* **Brief descriptive captions**:
☆ ☆ ☆ ☆ ☆

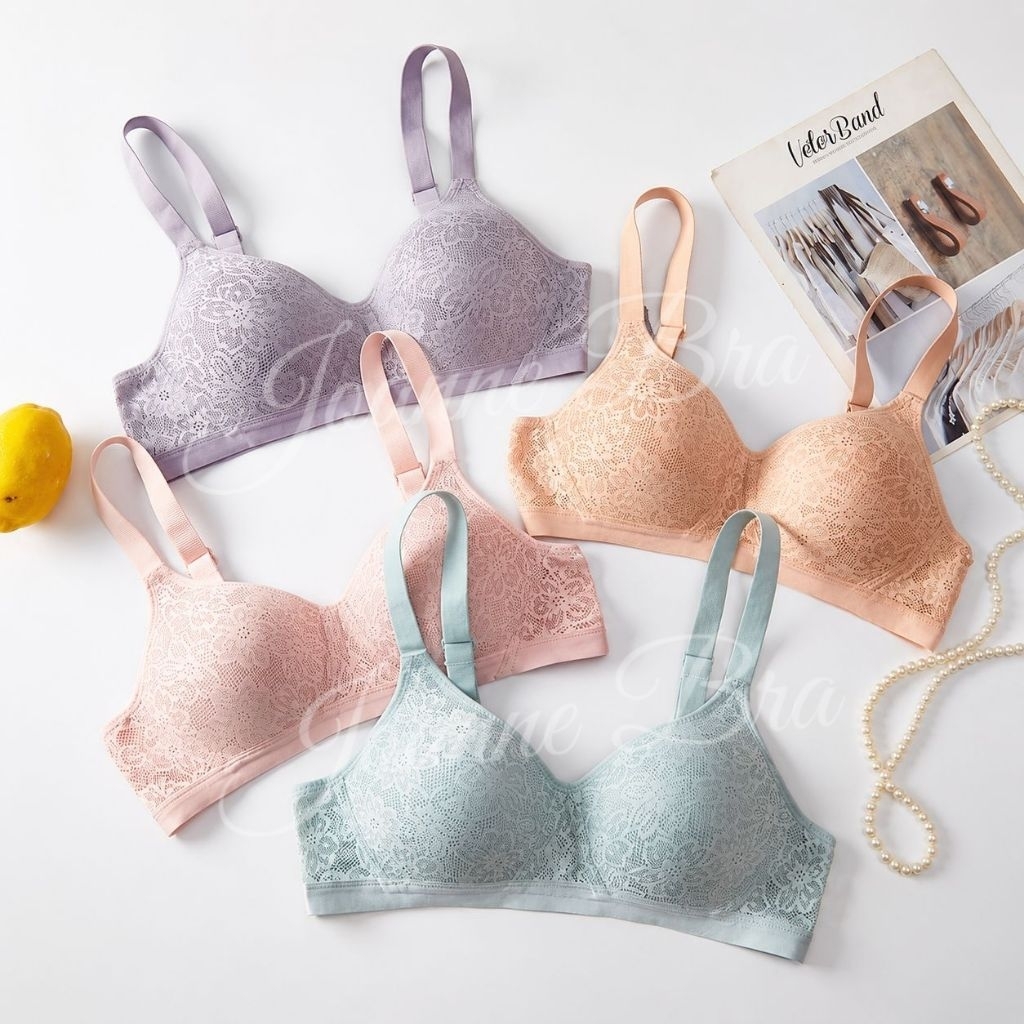 Elena Bra BH Baby Skin Tanpa Kawat Busa Tipis Cup B Medium E 22006 - 34B - 42B - BH Brukat Kait 3 Fu
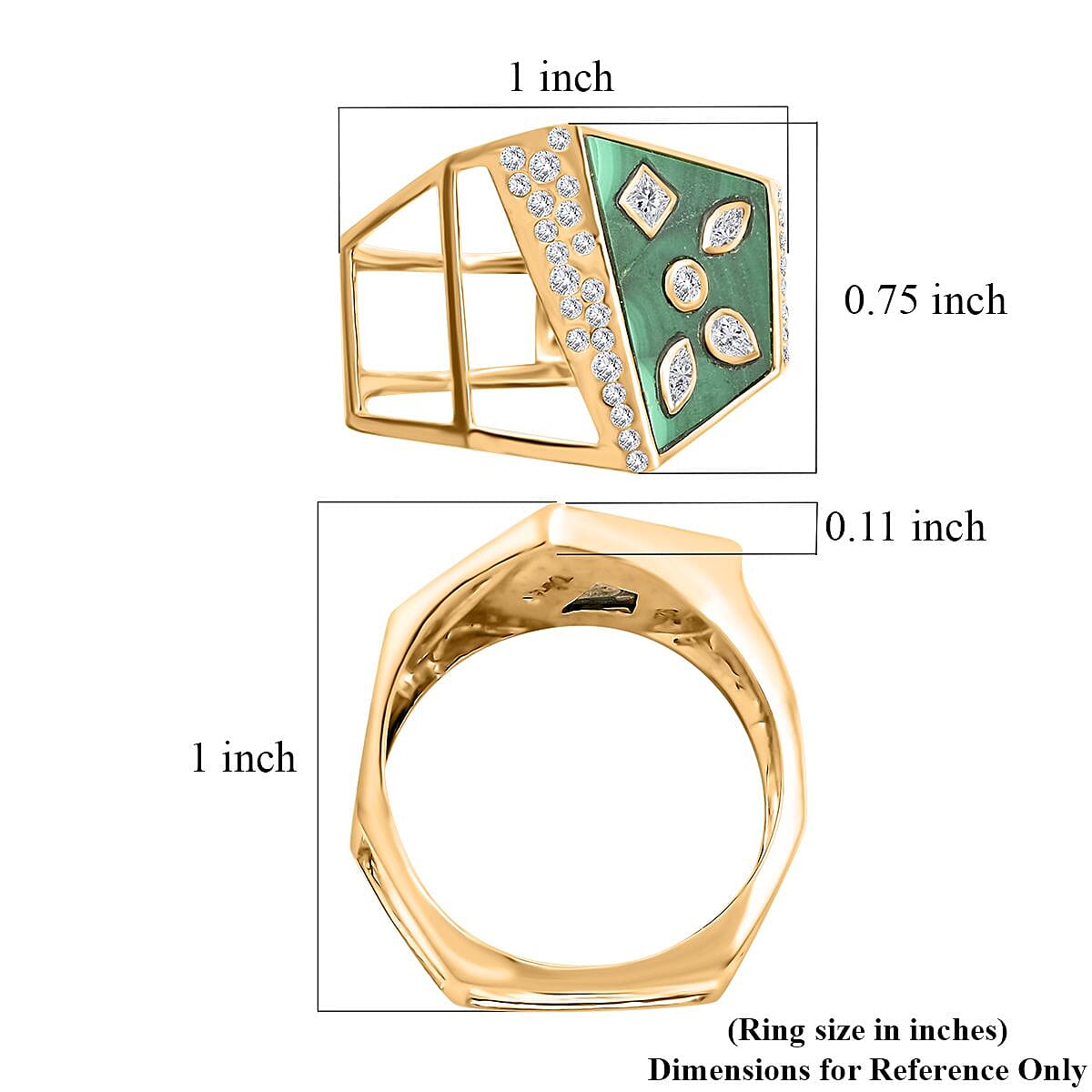 Clarte Geode Collection Malachite and Moissanite Ring in Vermeil Yellow Gold Over Sterling Silver (Size 10.0) 3.50 ctw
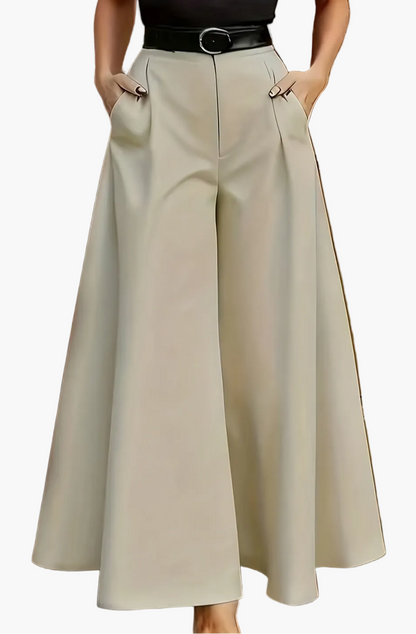 Pantalon large évasé femme style élégant soirée et bureau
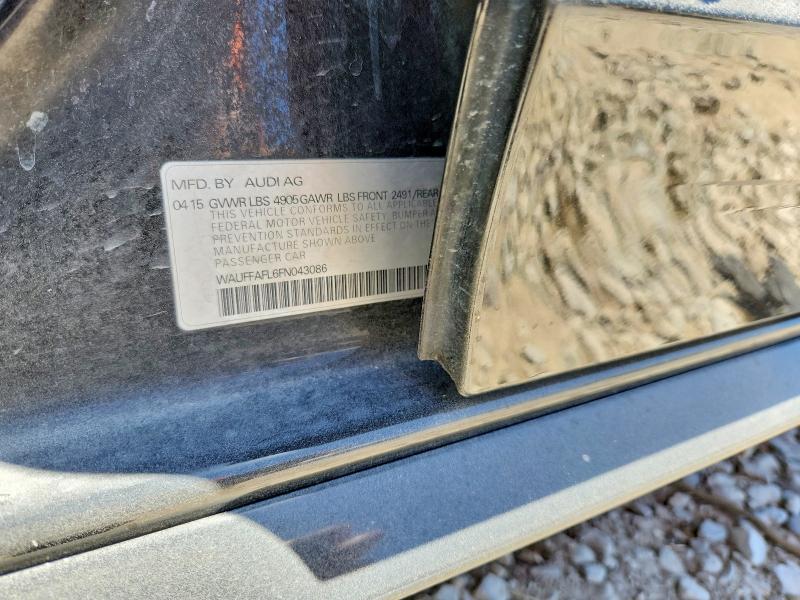 2015 Audi A4 მანქანა იყიდება აუქციონზე, vin: WAUFFAFL6FN043086, აუქციონის ნომერი: 57682066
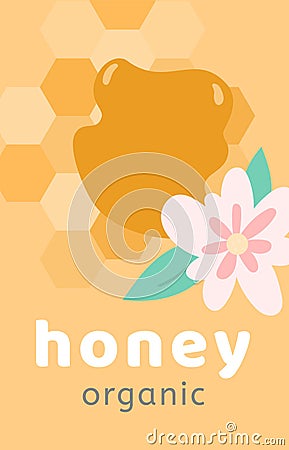 Honey organic advertising banner template, flat cartoon vector illustration. Vector Illustration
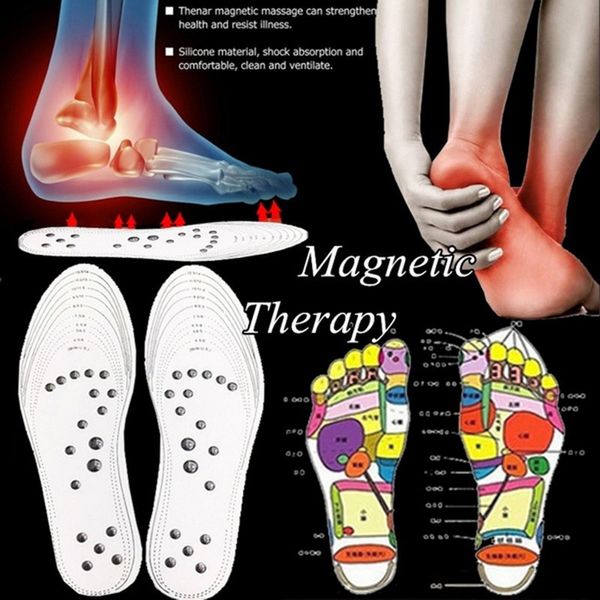 

1 pair magnet insole promote blood circulation slimming insole foot magnetite physiotherapy, Black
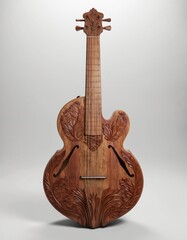 Naklejka premium Wooden guitar crafted in traditional style with intricate carvings, floral patterns. Brown hue, half-round body, neck, strings extending from circular body, ornate woodwork on stringed instrument.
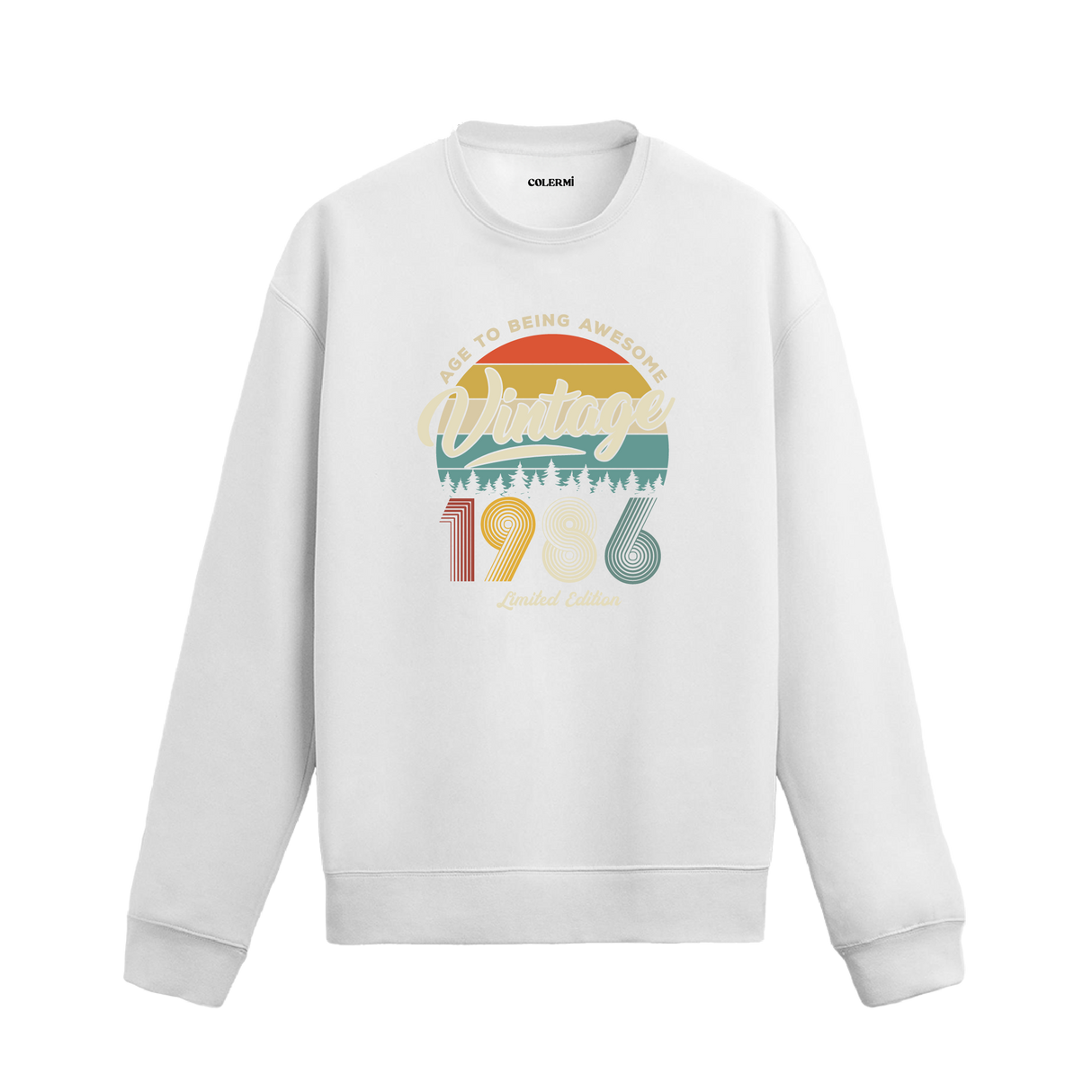 1986 yılı baskılı siyah retro vintage sweatshirt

☆ ☆ ☆ ☆ ☆

* **WHAT THE EXERCISE ASKS**: Write out all the records again, exactly, minus any pictures.

* **SOLUTION TO THE PROBLEM**:
 Elena Bra BH Baby Skin Tanpa Kawat Busa Tipis Cup B Medium E 22006 - 34B - 42B - BH Brukat Kait 3 Fu
 Clarte Geode Collection Malachite and Moissanite Ring in Vermeil Yellow Gold Over Sterling Silver (Size 10.0) 3.50 ctw
 Pantalon large évasé femme style élégant soirée et bureau
 2015 Audi A4 მანქანა იყიდება აუქციონზე, vin: WAUFFAFL6FN043086, აუქციონის ნომერი: 57682066
 Honey organic advertising banner template, flat cartoon vector illustration. Vector Illustration

1 pair magnet insole promote blood circulation slimming insole foot magnetite physiotherapy, Black
 Naklejka premium Wooden guitar crafted in traditional style with intricate carvings, floral patterns. Brown hue, half-round body, neck, strings extending from circular body, ornate woodwork on stringed instrument.
 1986 yılı baskılı siyah retro vintage sweatshirt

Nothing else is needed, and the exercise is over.